Bereits in San Fransisco hatte Henriette Chinesen kennengelernt. Auf der Plantage beschäftigte man als Hausmädchen Nian. Zurückhaltend, von der Mutter wie ein Mensch der letzten Klasse behandelt, zeigt sich im Laufe der Handlung, welche Würde und Klugheit in ihr steckt.
Als das Kartenhaus von Herrn Hofmann nach und nach einfällt, immer mehr Lügen aufgedeckt werden, dreht dieser den Spieß um und begeht einen Vertrauensbruch gegenüber den Samoanern.
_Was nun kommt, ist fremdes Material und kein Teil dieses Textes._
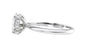 Oval Solitaire Hidden Halo Diamond Engagement Ring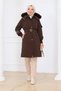 Women's Belted Nova Fabric Coat - 2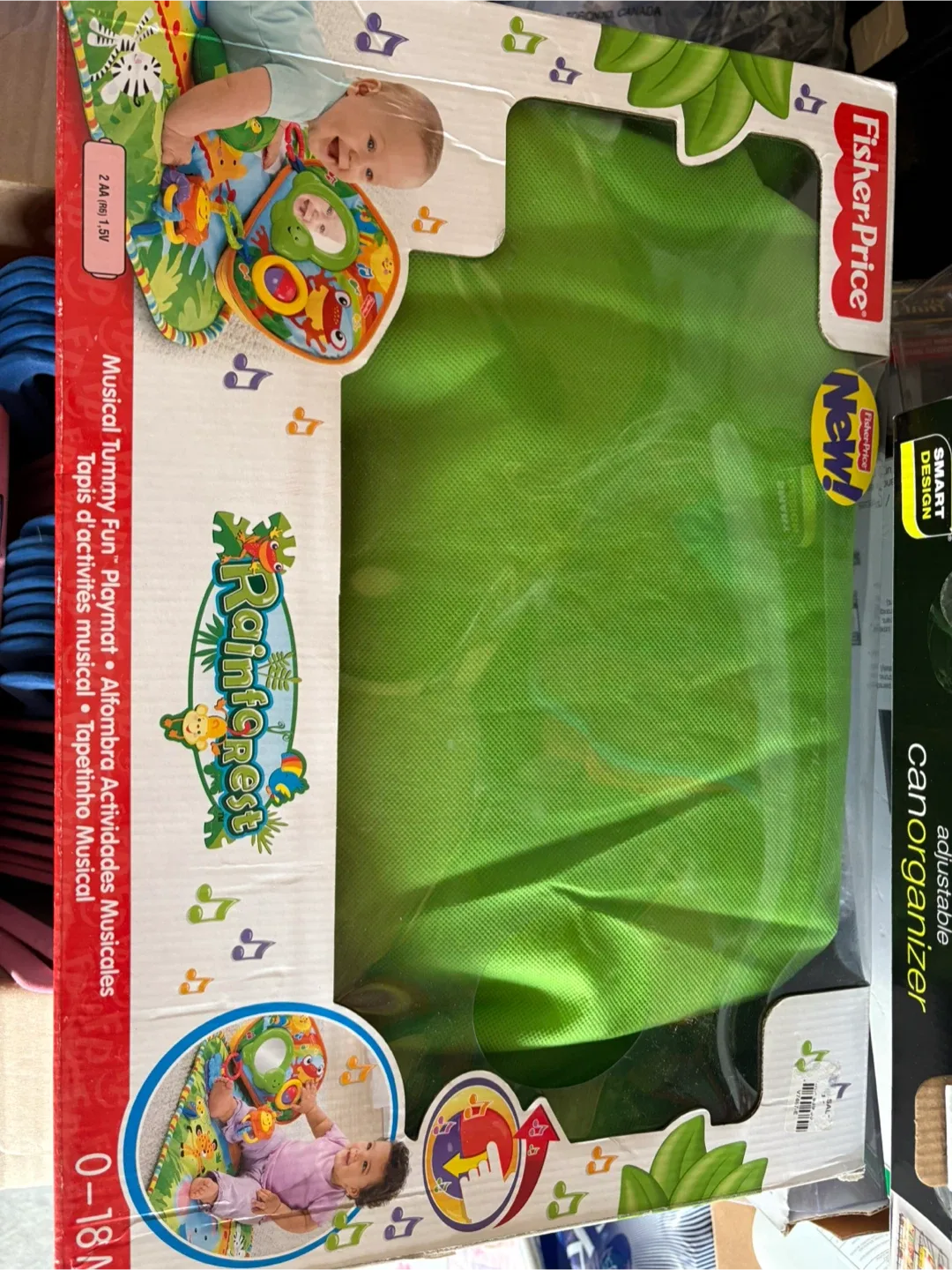 Fisher-Price Musical Tummy Time Rainforest Playmat image indicator(2)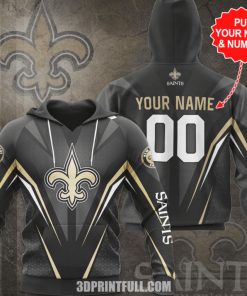 Personalized New Orleans Saints NOS Hoodie 3D
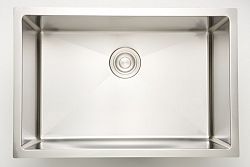 AI-27665 - American Imaginations - 27 Inchx18 Inchx10 Inch Undermount Kitchen Sink for Wall Mount Center DrillingStainless Steel Finish -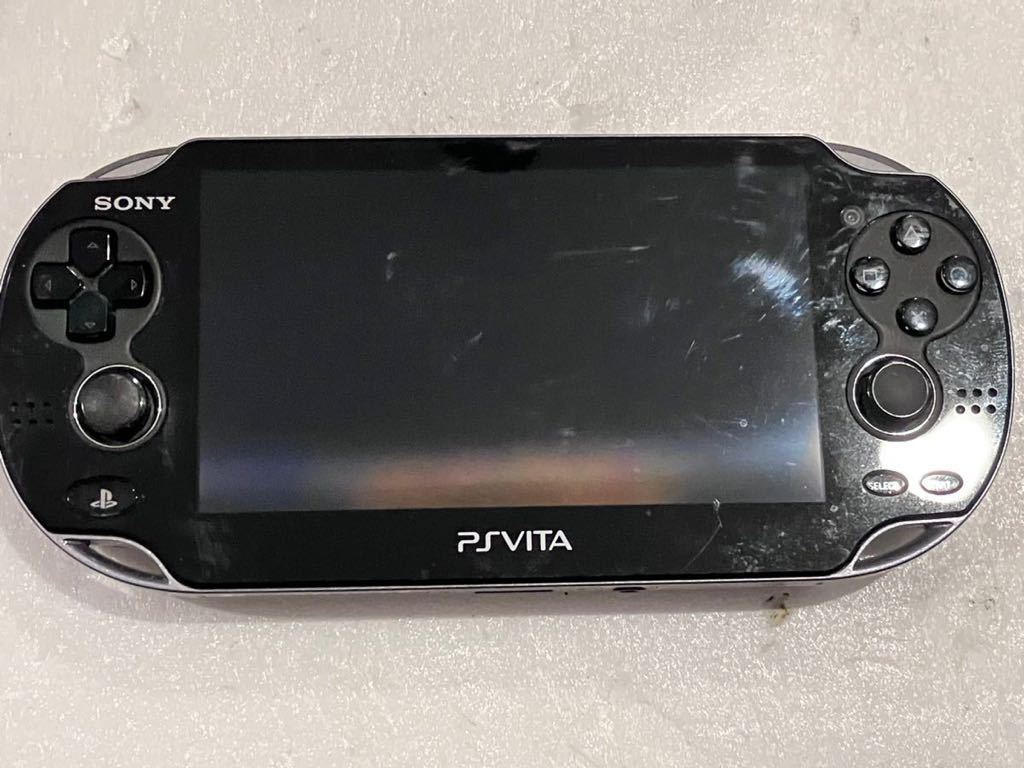 ★動作良好　SONY PS Vita PCH-1100 AB01 3G Wi-Fiモデル 本体 クリスタルブラック Crystal Black  送料無料★
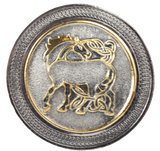 Celtic Horses Gold Silver Belt Buckle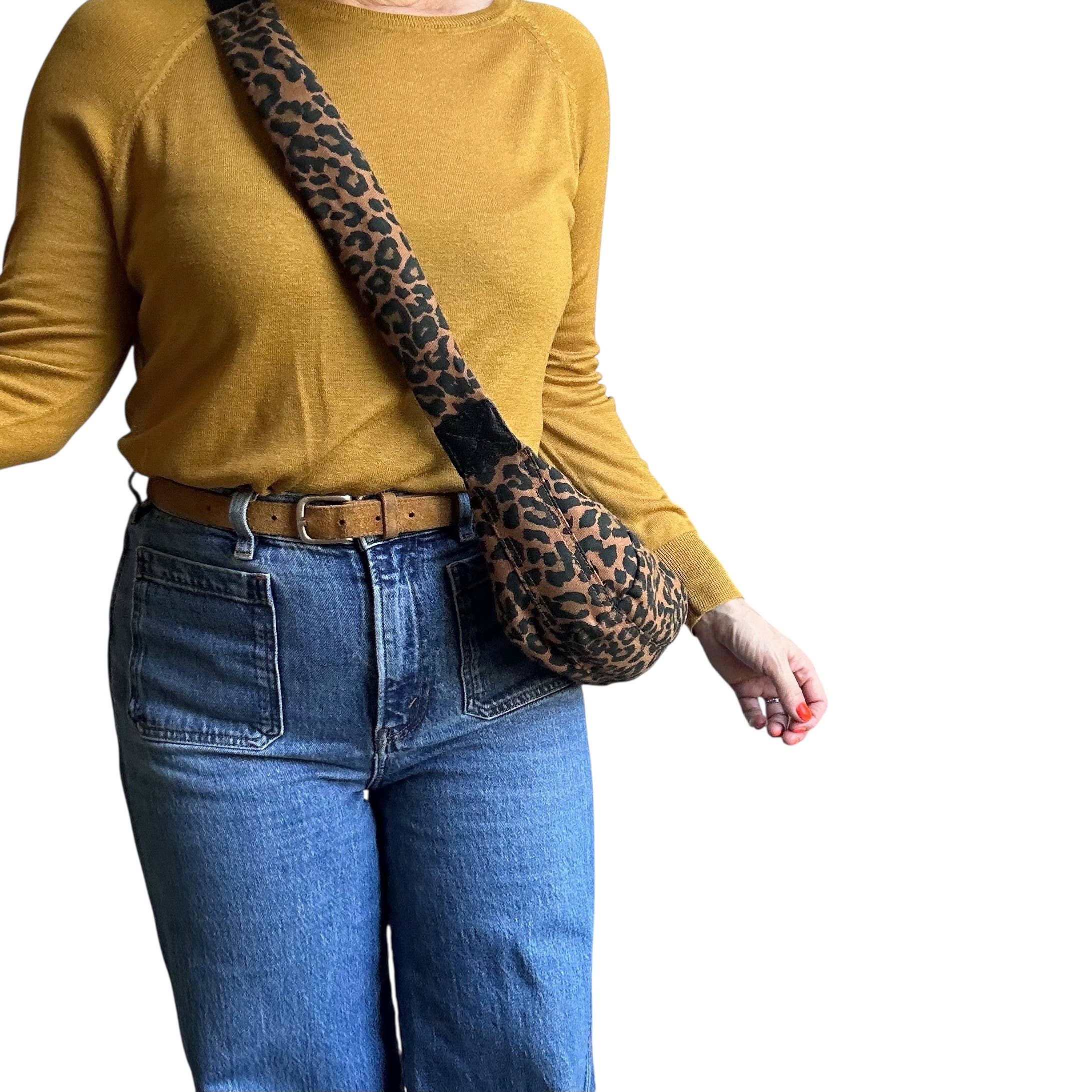 Sixton London – wholesale Crossbody bag – Women's – NEW MINI Brixton cross body sling bag - brown leopard3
Henriette sieht keinen anderen Ausweg mehr und flüchtet zu Tante Berta nach San Fransisco. Im Gepäck die blaue Muschel.
„Der Klang der blauen Muschel“ ist eine historische Zeitreise. Wie schon oben erwähnt, gehörte Samoa früher zu den deutschen Kolonien. Detailliert und gut recherchiert liest man in der Handlung von den alten Traditionen, ebenso baut sich während des Lesens ein ganz wunderbares, unbeschreiblich tolles Gefühl auf, so dass man sich mitten an den Ort des jeweiligen Geschehens glaubt.
Aber auch die Zeit in San Fransisco, als das Erdbeben 1906 die Stadt heimsuchte, war beeindruckend geschildert.
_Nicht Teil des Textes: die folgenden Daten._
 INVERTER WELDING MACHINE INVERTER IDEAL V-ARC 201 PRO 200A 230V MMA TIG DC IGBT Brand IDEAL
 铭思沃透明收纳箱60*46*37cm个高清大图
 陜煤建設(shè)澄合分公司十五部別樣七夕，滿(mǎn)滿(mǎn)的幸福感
„Der Klang der blauen Muschel“ ist ein Wow-Erlebnis, ein Buch, dem man sich nicht entziehen kann, wenn man es erst einmal angefangen hat zu lesen.
Wie so oft geht es um Liebe und Verrat, um Familien mit ihren Geheimnissen. Die damaligen Kolonien, egal ob in der Südsee oder in Ostdeutsch-Afrika, bieten wunderbare Schauplätze für traumhaft geschriebene Romane.
Auf jeden Fall sollte man das Nachwort bzw. hier heißt es „Statt eines Nachworts …“ lesen und das anhängige Glossar.